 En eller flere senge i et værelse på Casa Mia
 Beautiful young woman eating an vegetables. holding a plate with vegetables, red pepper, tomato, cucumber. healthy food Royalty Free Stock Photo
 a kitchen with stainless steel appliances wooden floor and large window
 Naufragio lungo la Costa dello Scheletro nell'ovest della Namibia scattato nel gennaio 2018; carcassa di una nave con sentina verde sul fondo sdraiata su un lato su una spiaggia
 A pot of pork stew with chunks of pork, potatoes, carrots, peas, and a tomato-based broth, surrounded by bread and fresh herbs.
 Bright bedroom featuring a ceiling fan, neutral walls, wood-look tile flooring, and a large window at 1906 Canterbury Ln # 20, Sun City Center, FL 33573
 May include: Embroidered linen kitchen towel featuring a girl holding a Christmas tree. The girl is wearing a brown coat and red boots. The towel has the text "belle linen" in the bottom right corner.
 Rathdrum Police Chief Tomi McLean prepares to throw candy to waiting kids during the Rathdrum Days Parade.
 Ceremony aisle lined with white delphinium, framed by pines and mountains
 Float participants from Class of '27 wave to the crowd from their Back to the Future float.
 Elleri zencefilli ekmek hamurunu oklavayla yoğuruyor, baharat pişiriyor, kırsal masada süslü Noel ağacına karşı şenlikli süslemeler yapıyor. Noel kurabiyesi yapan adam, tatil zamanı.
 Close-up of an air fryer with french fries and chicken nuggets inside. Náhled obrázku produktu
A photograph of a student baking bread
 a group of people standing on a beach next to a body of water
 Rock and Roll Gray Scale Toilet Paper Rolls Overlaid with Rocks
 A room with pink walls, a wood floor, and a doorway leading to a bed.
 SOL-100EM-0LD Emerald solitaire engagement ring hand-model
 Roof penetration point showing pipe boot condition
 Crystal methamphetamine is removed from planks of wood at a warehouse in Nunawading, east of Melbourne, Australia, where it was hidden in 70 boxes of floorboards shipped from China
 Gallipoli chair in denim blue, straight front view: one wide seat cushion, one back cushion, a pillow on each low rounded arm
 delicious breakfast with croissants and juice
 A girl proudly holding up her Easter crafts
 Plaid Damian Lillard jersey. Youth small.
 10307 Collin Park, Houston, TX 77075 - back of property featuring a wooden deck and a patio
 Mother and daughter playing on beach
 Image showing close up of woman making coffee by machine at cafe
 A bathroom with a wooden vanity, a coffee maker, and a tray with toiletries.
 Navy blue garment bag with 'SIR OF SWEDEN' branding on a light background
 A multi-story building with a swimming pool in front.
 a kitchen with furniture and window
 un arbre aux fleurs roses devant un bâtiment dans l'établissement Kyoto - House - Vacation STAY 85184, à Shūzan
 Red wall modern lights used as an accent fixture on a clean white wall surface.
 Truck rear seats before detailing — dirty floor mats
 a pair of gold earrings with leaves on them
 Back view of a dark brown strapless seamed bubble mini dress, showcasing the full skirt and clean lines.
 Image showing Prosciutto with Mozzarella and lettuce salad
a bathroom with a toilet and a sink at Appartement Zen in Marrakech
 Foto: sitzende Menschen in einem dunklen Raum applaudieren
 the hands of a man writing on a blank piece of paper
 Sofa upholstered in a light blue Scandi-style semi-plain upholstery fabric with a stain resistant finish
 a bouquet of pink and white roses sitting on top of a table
- - -
In the listing above, find the line containing "a kitchen with stainless" and the line containing "Naufragio lungo la". Output them and every line between, exactly, and nothing else.

 a kitchen with stainless steel appliances wooden floor and large window
 Naufragio lungo la Costa dello Scheletro nell'ovest della Namibia scattato nel gennaio 2018; carcassa di una nave con sentina verde sul fondo sdraiata su un lato su una spiaggia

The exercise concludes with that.